# Abandoned House Devon



## CattUnity (Jan 6, 2014)

I recently visited an Abandoned house in Ottery st mary, in Devon (just outside exeter)
It was a miserable day and was the worst rain by far this year already, so we didnt stay long! Me and the other half took a few photos, not hard to find at all, its opposite a huge abandoned factory also! 



Untitled by carysfreya, on Flickr



Untitled by carysfreya, on Flickr



Untitled by carysfreya, on Flickr



Untitled by carysfreya, on Flickr



Untitled by carysfreya, on Flickr



Abandoned house by CattUnity, on Flickr

I am certain to visit more places this is my first, and i have already planned more!
Thanks


----------



## krela (Jan 6, 2014)

Hiya, you need to follow the instructions [ame="http://www.derelictplaces.co.uk/main/showthread.php?t=17009"]in this thread[/ame] for the photos to show up.

To everyone else; we don't need 1000 comments about the lack of photos thank you.


----------



## flyboys90 (Jan 7, 2014)

Thats very nice indeed,thanks for sharing.


----------



## Heebs (Jan 7, 2014)

That was the house used by 'Swampy' and his mates during the A30 protests back in the late 90's. Given its location it was prone to flooding before the OSM flood defences were built.


----------



## CattUnity (Jan 8, 2014)

heeblebob said:


> That was the house used by 'Swampy' and his mates during the A30 protests back in the late 90's. Given its location it was prone to flooding before the OSM flood defences were built.

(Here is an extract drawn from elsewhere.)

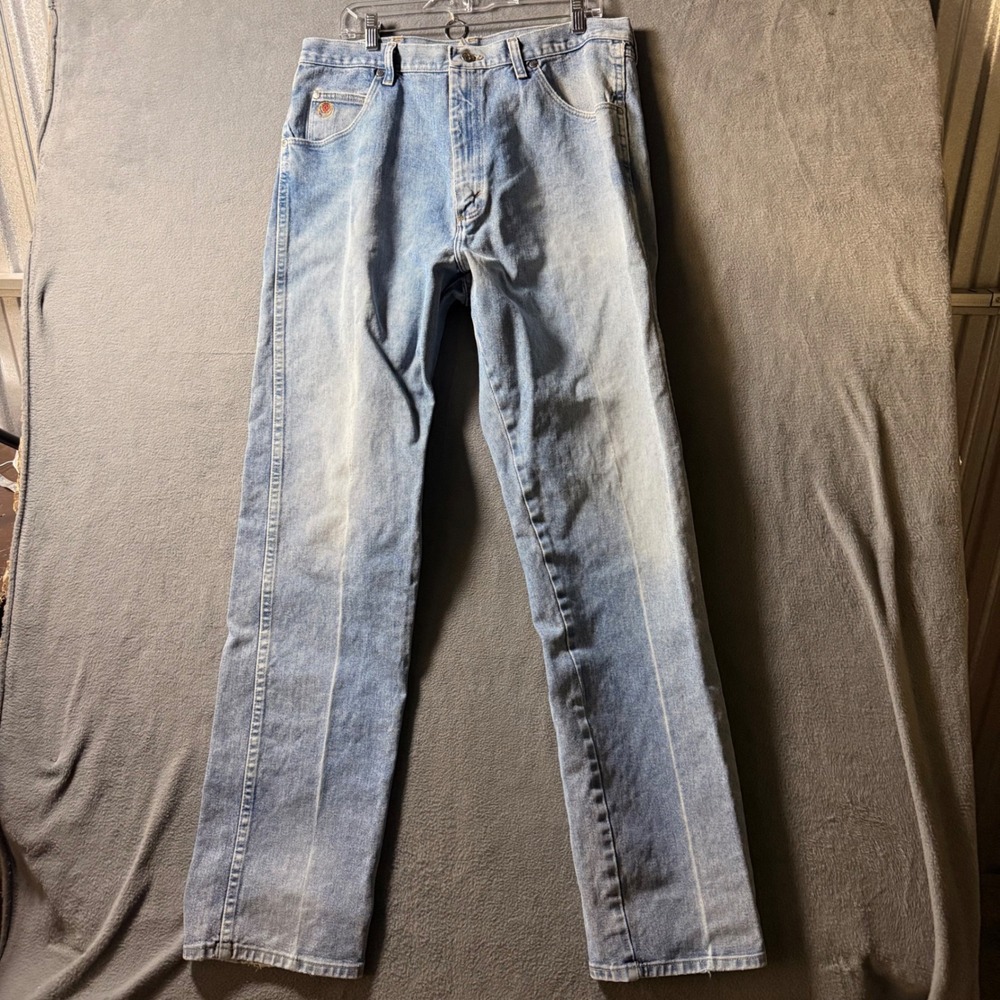 Wrangler Twenty X Style 22 Mens Light Wash Straight Leg Jeans 38x36 Fits 35x34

thanks for more information! I don't know any as I found it randomly


----------



## theterrorwheel (Jan 8, 2014)

nice post, seems I missed out on this house when exploring the big factory.


----------



## Heebs (Jan 8, 2014)

CattUnity said:


> thanks for more information! I don't know any as I found it randomly



No problems, just as a note there's a couple of occupied cottages hidden in the trees beside the house. Not at all obvious so be careful not to disturb the residents.


----------



## woodland pixie (Jan 30, 2014)

I didn't want to go in here when I heard about the fire and the poor woman who died so thank you for showing me. I guess that fireplace photo is where it happened  I'm way too sensitive to that kind of stuff... Didn't know about Swampy either. The factory is amazing though I'd love to have a ganders in there


----------



## Potter (Feb 5, 2014)

Those stairs look a bit gone.


----------



## Jungle (Mar 31, 2014)

What fire? Where do I find this story?


----------



## alex (Sep 19, 2022)

can you give me a postcode


----------



## Gibbo (Sep 20, 2022)

alex said:


> can you give me a postcode



This forum doesn't work like that. Also its been eight years, there's a good chance the place has either been demolished or refurbished like the mill that was opposite.


----------